- **What you have to do**
Every record must be copied exactly. Leave nothing out.
-=-=-=-=-
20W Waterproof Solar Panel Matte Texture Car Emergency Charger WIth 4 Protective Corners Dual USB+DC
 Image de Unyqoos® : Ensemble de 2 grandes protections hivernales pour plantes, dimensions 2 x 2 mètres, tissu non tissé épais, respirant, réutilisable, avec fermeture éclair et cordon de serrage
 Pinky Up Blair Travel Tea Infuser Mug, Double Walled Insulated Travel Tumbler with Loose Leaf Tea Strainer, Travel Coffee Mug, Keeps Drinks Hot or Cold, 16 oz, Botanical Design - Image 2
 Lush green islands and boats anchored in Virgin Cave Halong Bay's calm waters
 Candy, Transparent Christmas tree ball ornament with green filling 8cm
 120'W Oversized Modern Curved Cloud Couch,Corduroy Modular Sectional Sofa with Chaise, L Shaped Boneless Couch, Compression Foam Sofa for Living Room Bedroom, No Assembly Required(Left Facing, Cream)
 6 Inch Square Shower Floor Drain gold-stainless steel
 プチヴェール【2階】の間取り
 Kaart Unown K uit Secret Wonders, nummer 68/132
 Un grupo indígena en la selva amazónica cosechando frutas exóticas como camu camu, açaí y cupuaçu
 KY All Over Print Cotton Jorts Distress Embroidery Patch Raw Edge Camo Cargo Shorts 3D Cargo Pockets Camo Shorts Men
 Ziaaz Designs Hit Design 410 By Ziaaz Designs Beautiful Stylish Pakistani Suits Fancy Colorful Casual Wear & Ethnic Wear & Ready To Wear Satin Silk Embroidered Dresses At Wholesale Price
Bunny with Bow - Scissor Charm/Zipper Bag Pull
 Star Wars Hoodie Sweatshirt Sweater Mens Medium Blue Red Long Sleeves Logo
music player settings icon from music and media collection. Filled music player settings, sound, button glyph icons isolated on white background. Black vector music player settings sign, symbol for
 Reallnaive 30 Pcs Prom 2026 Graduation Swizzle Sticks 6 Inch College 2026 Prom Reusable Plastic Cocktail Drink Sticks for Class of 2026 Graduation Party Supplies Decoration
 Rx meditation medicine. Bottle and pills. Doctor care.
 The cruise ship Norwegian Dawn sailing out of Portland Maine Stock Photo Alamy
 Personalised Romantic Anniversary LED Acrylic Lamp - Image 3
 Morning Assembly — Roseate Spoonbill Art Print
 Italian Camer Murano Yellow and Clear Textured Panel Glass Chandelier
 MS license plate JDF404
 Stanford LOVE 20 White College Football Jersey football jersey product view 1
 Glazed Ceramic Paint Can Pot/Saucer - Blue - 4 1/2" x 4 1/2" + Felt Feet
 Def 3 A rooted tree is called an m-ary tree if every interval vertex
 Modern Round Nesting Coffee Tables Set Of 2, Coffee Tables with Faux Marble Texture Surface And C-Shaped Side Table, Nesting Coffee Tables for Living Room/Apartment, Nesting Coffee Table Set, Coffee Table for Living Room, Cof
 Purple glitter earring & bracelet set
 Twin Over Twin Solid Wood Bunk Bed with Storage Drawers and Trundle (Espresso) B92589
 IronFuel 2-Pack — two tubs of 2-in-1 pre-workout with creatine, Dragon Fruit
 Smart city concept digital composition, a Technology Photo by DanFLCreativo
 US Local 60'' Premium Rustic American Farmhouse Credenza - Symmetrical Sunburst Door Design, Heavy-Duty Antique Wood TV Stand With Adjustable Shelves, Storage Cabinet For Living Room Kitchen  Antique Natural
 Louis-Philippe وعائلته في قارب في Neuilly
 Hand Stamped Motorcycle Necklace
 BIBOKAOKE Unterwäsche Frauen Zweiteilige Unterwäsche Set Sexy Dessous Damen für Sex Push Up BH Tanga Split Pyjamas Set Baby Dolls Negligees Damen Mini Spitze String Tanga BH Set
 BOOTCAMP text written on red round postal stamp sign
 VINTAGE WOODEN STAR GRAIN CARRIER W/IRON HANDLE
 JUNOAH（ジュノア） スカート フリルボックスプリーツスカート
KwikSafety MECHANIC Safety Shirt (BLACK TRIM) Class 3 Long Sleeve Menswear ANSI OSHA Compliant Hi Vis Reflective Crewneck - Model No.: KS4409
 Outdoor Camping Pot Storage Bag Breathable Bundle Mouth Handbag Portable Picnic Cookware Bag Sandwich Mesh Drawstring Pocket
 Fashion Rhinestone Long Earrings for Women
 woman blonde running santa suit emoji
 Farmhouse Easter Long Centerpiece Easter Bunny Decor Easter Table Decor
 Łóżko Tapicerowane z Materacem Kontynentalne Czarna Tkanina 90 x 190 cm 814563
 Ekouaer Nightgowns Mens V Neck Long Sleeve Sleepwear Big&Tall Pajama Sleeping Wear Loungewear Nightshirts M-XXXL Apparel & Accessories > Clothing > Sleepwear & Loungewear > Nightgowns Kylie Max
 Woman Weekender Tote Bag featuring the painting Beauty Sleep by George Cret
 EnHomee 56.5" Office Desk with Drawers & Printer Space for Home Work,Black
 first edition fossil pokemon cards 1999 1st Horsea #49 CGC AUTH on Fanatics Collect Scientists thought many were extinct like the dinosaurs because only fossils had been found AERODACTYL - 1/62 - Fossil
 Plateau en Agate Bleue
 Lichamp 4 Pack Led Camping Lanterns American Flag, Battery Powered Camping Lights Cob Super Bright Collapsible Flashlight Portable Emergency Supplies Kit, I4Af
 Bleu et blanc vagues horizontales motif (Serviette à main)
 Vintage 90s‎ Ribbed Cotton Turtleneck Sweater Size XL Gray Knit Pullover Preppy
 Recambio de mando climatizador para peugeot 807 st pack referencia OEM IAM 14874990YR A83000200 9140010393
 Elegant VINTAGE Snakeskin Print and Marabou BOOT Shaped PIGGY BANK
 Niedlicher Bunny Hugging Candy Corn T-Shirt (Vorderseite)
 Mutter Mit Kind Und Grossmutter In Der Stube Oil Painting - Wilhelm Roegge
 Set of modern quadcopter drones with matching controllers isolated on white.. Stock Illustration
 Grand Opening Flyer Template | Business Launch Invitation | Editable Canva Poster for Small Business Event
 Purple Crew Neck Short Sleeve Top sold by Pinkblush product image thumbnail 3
-=-=-=-=-
- **Answer space**
20W Waterproof Solar Panel Matte Texture Car Emergency Charger WIth 4 Protective Corners Dual USB+DC
 Image de Unyqoos® : Ensemble de 2 grandes protections hivernales pour plantes, dimensions 2 x 2 mètres, tissu non tissé épais, respirant, réutilisable, avec fermeture éclair et cordon de serrage
 Pinky Up Blair Travel Tea Infuser Mug, Double Walled Insulated Travel Tumbler with Loose Leaf Tea Strainer, Travel Coffee Mug, Keeps Drinks Hot or Cold, 16 oz, Botanical Design - Image 2
 Lush green islands and boats anchored in Virgin Cave Halong Bay's calm waters
 Candy, Transparent Christmas tree ball ornament with green filling 8cm
 120'W Oversized Modern Curved Cloud Couch,Corduroy Modular Sectional Sofa with Chaise, L Shaped Boneless Couch, Compression Foam Sofa for Living Room Bedroom, No Assembly Required(Left Facing, Cream)
 6 Inch Square Shower Floor Drain gold-stainless steel
 プチヴェール【2階】の間取り
 Kaart Unown K uit Secret Wonders, nummer 68/132
 Un grupo indígena en la selva amazónica cosechando frutas exóticas como camu camu, açaí y cupuaçu
 KY All Over Print Cotton Jorts Distress Embroidery Patch Raw Edge Camo Cargo Shorts 3D Cargo Pockets Camo Shorts Men
 Ziaaz Designs Hit Design 410 By Ziaaz Designs Beautiful Stylish Pakistani Suits Fancy Colorful Casual Wear & Ethnic Wear & Ready To Wear Satin Silk Embroidered Dresses At Wholesale Price
Bunny with Bow - Scissor Charm/Zipper Bag Pull
 Star Wars Hoodie Sweatshirt Sweater Mens Medium Blue Red Long Sleeves Logo
music player settings icon from music and media collection. Filled music player settings, sound, button glyph icons isolated on white background. Black vector music player settings sign, symbol for
 Reallnaive 30 Pcs Prom 2026 Graduation Swizzle Sticks 6 Inch College 2026 Prom Reusable Plastic Cocktail Drink Sticks for Class of 2026 Graduation Party Supplies Decoration
 Rx meditation medicine. Bottle and pills. Doctor care.
 The cruise ship Norwegian Dawn sailing out of Portland Maine Stock Photo Alamy
 Personalised Romantic Anniversary LED Acrylic Lamp - Image 3
 Morning Assembly — Roseate Spoonbill Art Print
 Italian Camer Murano Yellow and Clear Textured Panel Glass Chandelier
 MS license plate JDF404
 Stanford LOVE 20 White College Football Jersey football jersey product view 1
 Glazed Ceramic Paint Can Pot/Saucer - Blue - 4 1/2" x 4 1/2" + Felt Feet
 Def 3 A rooted tree is called an m-ary tree if every interval vertex
 Modern Round Nesting Coffee Tables Set Of 2, Coffee Tables with Faux Marble Texture Surface And C-Shaped Side Table, Nesting Coffee Tables for Living Room/Apartment, Nesting Coffee Table Set, Coffee Table for Living Room, Cof
 Purple glitter earring & bracelet set
 Twin Over Twin Solid Wood Bunk Bed with Storage Drawers and Trundle (Espresso) B92589
 IronFuel 2-Pack — two tubs of 2-in-1 pre-workout with creatine, Dragon Fruit
 Smart city concept digital composition, a Technology Photo by DanFLCreativo
 US Local 60'' Premium Rustic American Farmhouse Credenza - Symmetrical Sunburst Door Design, Heavy-Duty Antique Wood TV Stand With Adjustable Shelves, Storage Cabinet For Living Room Kitchen  Antique Natural
 Louis-Philippe وعائلته في قارب في Neuilly
 Hand Stamped Motorcycle Necklace
 BIBOKAOKE Unterwäsche Frauen Zweiteilige Unterwäsche Set Sexy Dessous Damen für Sex Push Up BH Tanga Split Pyjamas Set Baby Dolls Negligees Damen Mini Spitze String Tanga BH Set
 BOOTCAMP text written on red round postal stamp sign
 VINTAGE WOODEN STAR GRAIN CARRIER W/IRON HANDLE
 JUNOAH（ジュノア） スカート フリルボックスプリーツスカート
KwikSafety MECHANIC Safety Shirt (BLACK TRIM) Class 3 Long Sleeve Menswear ANSI OSHA Compliant Hi Vis Reflective Crewneck - Model No.: KS4409
 Outdoor Camping Pot Storage Bag Breathable Bundle Mouth Handbag Portable Picnic Cookware Bag Sandwich Mesh Drawstring Pocket
 Fashion Rhinestone Long Earrings for Women
 woman blonde running santa suit emoji
 Farmhouse Easter Long Centerpiece Easter Bunny Decor Easter Table Decor
 Łóżko Tapicerowane z Materacem Kontynentalne Czarna Tkanina 90 x 190 cm 814563
 Ekouaer Nightgowns Mens V Neck Long Sleeve Sleepwear Big&Tall Pajama Sleeping Wear Loungewear Nightshirts M-XXXL Apparel & Accessories > Clothing > Sleepwear & Loungewear > Nightgowns Kylie Max
 Woman Weekender Tote Bag featuring the painting Beauty Sleep by George Cret
 EnHomee 56.5" Office Desk with Drawers & Printer Space for Home Work,Black
 first edition fossil pokemon cards 1999 1st Horsea #49 CGC AUTH on Fanatics Collect Scientists thought many were extinct like the dinosaurs because only fossils had been found AERODACTYL - 1/62 - Fossil
 Plateau en Agate Bleue
 Lichamp 4 Pack Led Camping Lanterns American Flag, Battery Powered Camping Lights Cob Super Bright Collapsible Flashlight Portable Emergency Supplies Kit, I4Af
 Bleu et blanc vagues horizontales motif (Serviette à main)
 Vintage 90s‎ Ribbed Cotton Turtleneck Sweater Size XL Gray Knit Pullover Preppy
 Recambio de mando climatizador para peugeot 807 st pack referencia OEM IAM 14874990YR A83000200 9140010393
 Elegant VINTAGE Snakeskin Print and Marabou BOOT Shaped PIGGY BANK
 Niedlicher Bunny Hugging Candy Corn T-Shirt (Vorderseite)
 Mutter Mit Kind Und Grossmutter In Der Stube Oil Painting - Wilhelm Roegge
 Set of modern quadcopter drones with matching controllers isolated on white.. Stock Illustration
 Grand Opening Flyer Template | Business Launch Invitation | Editable Canva Poster for Small Business Event
 Purple Crew Neck Short Sleeve Top sold by Pinkblush product image thumbnail 3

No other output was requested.